What is needed >>
Pick out each line below containing "Access".

The data >>
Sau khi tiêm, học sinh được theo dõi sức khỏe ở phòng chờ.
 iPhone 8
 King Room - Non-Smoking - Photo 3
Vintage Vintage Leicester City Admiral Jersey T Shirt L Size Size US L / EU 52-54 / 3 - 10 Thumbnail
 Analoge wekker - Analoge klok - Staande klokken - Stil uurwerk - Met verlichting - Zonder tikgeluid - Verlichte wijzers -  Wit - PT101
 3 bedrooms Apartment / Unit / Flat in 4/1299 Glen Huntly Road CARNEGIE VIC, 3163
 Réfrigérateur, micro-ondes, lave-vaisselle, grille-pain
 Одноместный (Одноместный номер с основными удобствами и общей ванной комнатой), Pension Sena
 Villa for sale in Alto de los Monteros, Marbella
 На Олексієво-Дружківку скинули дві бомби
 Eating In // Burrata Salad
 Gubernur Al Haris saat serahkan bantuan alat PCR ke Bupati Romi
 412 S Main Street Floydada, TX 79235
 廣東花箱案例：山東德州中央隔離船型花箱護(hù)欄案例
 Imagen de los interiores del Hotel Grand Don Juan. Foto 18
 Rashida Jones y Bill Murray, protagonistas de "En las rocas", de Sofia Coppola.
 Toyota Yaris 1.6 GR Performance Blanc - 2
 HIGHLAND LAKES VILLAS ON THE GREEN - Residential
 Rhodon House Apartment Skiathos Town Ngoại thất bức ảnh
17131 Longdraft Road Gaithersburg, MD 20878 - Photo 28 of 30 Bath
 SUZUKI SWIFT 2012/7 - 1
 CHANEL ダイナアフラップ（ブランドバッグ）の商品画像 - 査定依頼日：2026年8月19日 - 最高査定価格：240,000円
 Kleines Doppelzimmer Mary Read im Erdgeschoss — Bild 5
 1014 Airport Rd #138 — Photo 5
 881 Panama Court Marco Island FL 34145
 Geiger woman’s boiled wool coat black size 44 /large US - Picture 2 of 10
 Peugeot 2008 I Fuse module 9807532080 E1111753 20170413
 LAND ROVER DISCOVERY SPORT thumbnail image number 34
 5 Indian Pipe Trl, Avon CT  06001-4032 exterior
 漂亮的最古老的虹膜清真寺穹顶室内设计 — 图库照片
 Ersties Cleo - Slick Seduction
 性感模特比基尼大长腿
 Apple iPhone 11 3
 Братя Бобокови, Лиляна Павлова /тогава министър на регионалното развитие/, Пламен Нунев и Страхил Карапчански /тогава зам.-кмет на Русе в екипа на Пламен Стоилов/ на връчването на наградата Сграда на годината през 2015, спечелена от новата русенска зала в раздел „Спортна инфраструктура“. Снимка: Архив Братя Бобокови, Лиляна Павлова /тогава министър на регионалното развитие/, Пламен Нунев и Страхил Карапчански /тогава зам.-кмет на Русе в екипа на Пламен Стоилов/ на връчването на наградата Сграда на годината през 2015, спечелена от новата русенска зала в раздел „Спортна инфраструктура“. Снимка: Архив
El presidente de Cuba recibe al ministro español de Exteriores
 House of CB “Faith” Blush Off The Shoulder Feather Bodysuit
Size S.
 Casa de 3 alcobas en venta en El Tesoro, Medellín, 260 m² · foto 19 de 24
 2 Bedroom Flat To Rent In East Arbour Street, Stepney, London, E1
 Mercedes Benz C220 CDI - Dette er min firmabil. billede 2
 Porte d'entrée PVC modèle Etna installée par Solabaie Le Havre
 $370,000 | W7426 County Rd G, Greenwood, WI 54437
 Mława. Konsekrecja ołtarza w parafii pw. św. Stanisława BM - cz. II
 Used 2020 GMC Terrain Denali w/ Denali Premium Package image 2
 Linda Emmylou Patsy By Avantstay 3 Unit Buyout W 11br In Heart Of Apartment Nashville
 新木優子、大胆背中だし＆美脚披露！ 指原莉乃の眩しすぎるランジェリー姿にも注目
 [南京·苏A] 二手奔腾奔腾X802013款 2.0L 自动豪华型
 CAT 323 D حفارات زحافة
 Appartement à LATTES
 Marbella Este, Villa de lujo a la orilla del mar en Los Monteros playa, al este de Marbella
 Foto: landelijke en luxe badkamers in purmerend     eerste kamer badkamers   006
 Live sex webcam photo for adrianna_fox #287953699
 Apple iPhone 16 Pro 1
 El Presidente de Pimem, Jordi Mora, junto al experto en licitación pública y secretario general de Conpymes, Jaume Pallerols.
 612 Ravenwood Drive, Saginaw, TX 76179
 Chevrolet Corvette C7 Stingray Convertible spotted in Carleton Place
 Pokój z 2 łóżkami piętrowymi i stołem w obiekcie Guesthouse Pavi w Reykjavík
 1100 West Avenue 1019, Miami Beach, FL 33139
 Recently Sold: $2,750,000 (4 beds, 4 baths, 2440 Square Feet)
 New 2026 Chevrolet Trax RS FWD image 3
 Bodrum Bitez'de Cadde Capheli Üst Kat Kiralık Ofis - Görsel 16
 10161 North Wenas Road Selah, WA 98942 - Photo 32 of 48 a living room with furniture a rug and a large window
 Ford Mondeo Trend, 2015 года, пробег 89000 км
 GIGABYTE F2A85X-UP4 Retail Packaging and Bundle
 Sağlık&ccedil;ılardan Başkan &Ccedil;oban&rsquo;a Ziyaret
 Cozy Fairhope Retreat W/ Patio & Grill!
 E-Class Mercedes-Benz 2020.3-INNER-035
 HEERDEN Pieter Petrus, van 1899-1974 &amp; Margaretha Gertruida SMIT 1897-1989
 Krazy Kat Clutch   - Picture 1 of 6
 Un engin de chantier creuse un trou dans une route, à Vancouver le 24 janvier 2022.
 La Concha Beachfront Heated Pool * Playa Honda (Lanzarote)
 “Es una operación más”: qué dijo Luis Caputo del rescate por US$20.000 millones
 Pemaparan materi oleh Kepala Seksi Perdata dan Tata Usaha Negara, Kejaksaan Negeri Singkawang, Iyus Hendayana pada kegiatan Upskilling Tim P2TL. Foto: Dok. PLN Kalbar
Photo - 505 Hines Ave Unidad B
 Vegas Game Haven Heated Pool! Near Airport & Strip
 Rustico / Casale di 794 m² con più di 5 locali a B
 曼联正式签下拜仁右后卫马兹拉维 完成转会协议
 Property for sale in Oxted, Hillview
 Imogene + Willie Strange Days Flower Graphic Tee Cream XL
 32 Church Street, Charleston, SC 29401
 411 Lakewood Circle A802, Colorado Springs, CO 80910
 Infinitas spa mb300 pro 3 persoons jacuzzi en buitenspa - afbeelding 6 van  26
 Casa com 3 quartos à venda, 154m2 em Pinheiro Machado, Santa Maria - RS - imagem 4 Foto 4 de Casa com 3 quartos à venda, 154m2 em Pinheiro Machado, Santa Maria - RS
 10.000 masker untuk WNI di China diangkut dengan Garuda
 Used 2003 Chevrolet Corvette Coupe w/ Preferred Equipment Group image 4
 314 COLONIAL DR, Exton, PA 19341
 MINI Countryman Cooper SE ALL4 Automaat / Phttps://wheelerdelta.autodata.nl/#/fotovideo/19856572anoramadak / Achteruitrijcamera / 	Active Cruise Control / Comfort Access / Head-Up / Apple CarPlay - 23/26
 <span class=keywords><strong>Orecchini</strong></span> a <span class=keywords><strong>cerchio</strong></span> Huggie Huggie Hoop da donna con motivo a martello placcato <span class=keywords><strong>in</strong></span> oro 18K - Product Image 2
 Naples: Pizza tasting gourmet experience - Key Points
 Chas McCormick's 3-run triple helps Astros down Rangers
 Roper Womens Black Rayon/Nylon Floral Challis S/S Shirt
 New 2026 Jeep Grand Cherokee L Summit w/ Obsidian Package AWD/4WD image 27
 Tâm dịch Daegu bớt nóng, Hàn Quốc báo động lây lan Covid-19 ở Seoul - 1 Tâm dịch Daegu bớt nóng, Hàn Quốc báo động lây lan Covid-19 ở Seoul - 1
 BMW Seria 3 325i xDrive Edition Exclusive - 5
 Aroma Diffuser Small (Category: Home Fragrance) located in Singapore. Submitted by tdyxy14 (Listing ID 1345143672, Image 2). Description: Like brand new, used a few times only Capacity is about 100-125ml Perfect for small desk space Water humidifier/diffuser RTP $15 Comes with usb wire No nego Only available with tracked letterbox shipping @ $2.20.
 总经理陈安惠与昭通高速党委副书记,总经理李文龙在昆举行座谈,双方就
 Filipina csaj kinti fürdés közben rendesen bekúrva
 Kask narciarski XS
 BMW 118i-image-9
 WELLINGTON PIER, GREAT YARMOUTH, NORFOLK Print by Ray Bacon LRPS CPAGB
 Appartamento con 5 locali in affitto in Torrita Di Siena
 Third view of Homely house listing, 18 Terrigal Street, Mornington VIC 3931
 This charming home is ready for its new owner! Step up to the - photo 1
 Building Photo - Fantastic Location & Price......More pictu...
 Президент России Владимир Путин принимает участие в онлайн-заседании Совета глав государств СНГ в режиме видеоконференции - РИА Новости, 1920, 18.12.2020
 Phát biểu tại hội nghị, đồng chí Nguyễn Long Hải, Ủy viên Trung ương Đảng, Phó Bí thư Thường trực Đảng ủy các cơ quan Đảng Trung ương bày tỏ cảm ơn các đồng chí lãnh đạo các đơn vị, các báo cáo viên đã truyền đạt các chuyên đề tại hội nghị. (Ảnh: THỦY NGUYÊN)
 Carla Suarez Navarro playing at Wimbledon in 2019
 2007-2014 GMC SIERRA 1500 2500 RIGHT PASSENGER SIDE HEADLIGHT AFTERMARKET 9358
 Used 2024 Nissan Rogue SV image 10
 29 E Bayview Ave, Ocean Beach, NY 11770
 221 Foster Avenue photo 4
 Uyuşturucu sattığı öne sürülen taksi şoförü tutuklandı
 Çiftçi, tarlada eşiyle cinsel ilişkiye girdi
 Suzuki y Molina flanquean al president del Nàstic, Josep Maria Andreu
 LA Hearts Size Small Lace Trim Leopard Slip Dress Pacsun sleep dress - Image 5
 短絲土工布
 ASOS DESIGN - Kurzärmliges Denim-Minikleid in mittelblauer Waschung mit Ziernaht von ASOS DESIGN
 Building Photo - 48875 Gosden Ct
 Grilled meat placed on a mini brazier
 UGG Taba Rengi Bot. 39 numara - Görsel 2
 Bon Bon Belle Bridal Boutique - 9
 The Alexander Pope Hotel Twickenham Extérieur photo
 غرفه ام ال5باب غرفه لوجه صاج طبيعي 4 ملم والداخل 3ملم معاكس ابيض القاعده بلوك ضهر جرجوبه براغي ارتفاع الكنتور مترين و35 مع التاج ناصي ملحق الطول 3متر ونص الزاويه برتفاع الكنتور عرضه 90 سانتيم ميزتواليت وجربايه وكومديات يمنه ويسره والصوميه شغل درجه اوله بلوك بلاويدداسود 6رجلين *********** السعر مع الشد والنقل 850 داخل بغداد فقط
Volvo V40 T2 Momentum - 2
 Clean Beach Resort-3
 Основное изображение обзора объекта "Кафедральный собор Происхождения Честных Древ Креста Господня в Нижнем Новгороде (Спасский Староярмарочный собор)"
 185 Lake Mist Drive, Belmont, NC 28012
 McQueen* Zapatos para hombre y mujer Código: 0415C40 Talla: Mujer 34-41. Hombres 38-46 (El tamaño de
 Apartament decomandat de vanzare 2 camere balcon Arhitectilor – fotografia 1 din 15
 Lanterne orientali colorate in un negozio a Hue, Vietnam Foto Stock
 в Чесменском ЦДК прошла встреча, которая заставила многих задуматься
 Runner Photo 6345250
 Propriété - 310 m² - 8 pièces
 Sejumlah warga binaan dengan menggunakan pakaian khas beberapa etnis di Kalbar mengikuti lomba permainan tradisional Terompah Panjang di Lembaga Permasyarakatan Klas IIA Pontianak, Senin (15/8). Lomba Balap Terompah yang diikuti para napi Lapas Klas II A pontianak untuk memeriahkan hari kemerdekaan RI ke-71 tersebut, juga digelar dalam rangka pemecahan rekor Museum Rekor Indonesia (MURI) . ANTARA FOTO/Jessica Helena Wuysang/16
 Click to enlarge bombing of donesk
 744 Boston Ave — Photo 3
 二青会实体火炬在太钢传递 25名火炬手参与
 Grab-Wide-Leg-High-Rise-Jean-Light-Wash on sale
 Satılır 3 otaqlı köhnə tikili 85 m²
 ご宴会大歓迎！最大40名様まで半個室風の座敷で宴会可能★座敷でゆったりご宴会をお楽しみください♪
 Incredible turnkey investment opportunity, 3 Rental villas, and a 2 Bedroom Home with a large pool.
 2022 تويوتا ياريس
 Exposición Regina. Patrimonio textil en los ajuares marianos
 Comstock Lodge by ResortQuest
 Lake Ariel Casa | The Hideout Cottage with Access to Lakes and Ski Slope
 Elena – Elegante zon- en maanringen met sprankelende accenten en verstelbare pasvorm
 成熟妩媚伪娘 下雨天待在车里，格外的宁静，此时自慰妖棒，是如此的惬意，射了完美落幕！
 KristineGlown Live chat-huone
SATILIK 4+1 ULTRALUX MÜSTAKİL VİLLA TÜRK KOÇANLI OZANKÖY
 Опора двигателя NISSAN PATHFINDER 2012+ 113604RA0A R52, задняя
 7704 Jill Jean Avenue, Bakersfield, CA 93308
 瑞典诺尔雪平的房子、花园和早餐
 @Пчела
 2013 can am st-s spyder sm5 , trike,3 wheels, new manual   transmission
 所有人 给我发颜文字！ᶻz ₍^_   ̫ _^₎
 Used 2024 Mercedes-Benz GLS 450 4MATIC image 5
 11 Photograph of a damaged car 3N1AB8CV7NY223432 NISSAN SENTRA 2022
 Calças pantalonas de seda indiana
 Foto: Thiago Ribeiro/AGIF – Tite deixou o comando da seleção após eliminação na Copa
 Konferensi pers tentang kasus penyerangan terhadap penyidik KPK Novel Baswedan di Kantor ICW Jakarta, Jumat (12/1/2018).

Solution to this exercise >>
 MINI Countryman Cooper SE ALL4 Automaat / Phttps://wheelerdelta.autodata.nl/#/fotovideo/19856572anoramadak / Achteruitrijcamera / 	Active Cruise Control / Comfort Access / Head-Up / Apple CarPlay - 23/26
 Lake Ariel Casa | The Hideout Cottage with Access to Lakes and Ski Slope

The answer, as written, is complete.